• **DATA RECORDS**:
⁂
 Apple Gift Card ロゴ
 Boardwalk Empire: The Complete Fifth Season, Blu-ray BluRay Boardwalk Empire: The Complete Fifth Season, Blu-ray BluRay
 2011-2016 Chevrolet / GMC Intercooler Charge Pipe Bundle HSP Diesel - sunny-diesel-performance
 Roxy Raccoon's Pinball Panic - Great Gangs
⁂
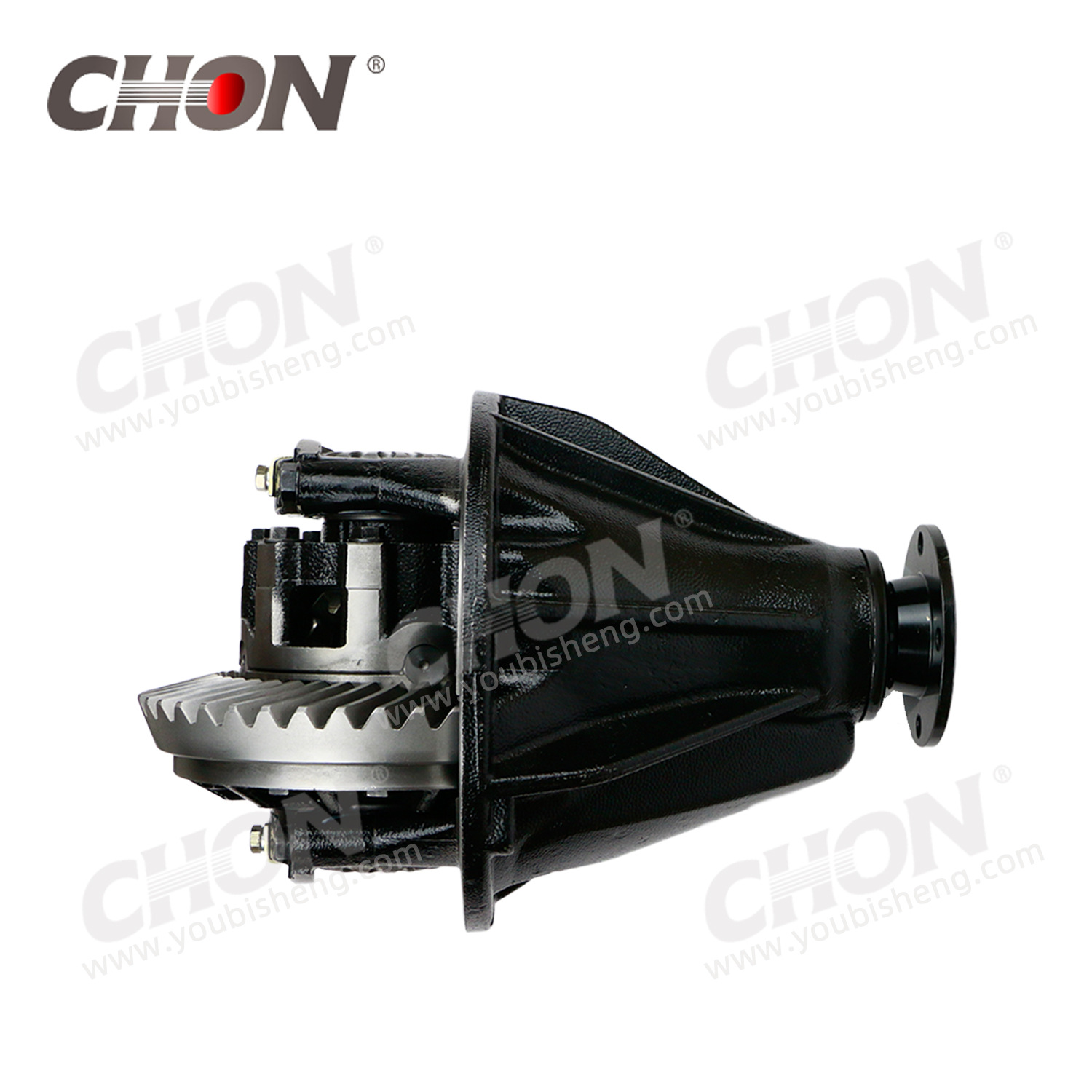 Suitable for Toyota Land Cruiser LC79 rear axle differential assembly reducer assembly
⁂
Reproduce exactly the entries above, limited to the lines from the one with "Apple Gift Card ロゴ" through the one with "Roxy Raccoon's Pinball Panic - Great Gangs", both included.

 Apple Gift Card ロゴ
 Boardwalk Empire: The Complete Fifth Season, Blu-ray BluRay Boardwalk Empire: The Complete Fifth Season, Blu-ray BluRay
 2011-2016 Chevrolet / GMC Intercooler Charge Pipe Bundle HSP Diesel - sunny-diesel-performance
 Roxy Raccoon's Pinball Panic - Great Gangs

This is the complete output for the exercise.